Our third passage: "Of which salvation the Prophets have enquired and searched diligently, who prophesied of the grace that should come unto you; searching what, or what manner of time, the Spirit of Christ which was in them did signify, when it testified beforehand the sufferings of Christ, and the glory which should follow" (1Pe_1:10-11).
These words are a gracious testimony to the Divine inspiration of the Old Testament writers.
The passage plainly certifies that the Spirit of Christ was upon the Prophets.
The passage also plainly certifies that the Old Testament Prophets studied their own writings with diligence.
The radicals may throw out the Prophets, but Daniel searched them and found in them the will of his God concerning Israel. We need not wonder that the modernists, ignorant and unbelieving as they are concerning the Prophets, utterly fail to see that just around the next shore line of prophetic vision, there lies the glorious landscape of the day of the Lord.
What a striking contrast is this:
First, a twentieth century high brow sitting sneeringly over the prophecies of Jeremiah, with all cunning craftiness and sleight of men, lying in wait to deceive (see Eph_4:14).
Second, the Prophet Daniel sitting reverently over the prophecies of Jeremiah, and searching diligently until he understood thereby the seventy years of desolation, that God would send upon Jerusalem (see Dan_9:2).
Men are to be pitied when they cast away both chart and compass, and are drifting with the tide, swept far from shore by the winds of men's doctrines.
Our fourth passage: "God, who at sundry times and in divers manners spake in time past unto the fathers by the Prophets" (Heb_1:1).
There is no doubt about the Divine authorship of the Old Testament, if one it is left to the Epistle of the Hebrews. The fact is that the New Testament never discounts the Old.
Let us, in conclusion, observe some of the precious New Testament statements concerning the Scriptures.

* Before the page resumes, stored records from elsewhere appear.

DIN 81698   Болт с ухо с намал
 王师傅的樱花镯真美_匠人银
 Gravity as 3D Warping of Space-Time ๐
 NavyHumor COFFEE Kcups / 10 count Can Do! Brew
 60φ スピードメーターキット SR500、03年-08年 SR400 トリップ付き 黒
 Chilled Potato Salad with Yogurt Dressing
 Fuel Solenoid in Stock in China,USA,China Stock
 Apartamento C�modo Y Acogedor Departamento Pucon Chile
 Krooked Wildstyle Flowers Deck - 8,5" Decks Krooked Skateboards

"The seed is the word of God" (Luk_8:11).
"The word of God should first have been spoken to you" (Act_13:46).
"They glorified the word of the Lord" (Act_13:48).
"Unto them were committed the oracles of God" (Rom_3:2).
"Holding forth the word of life" (Php_2:16).
"Let the word of Christ dwell in you richly" (Col_3:16).
"The word of truth, the gospel of your salvation" (Eph_1:13).
"Paul also according to the wisdom given unto him, hath written unto you; as also in all his epistles * * the other scriptures" (2Pe_3:15-16).
Surely we have Scripturally established the fact that the Bible is the very infallible Word of God, and that it is worthy to be believed.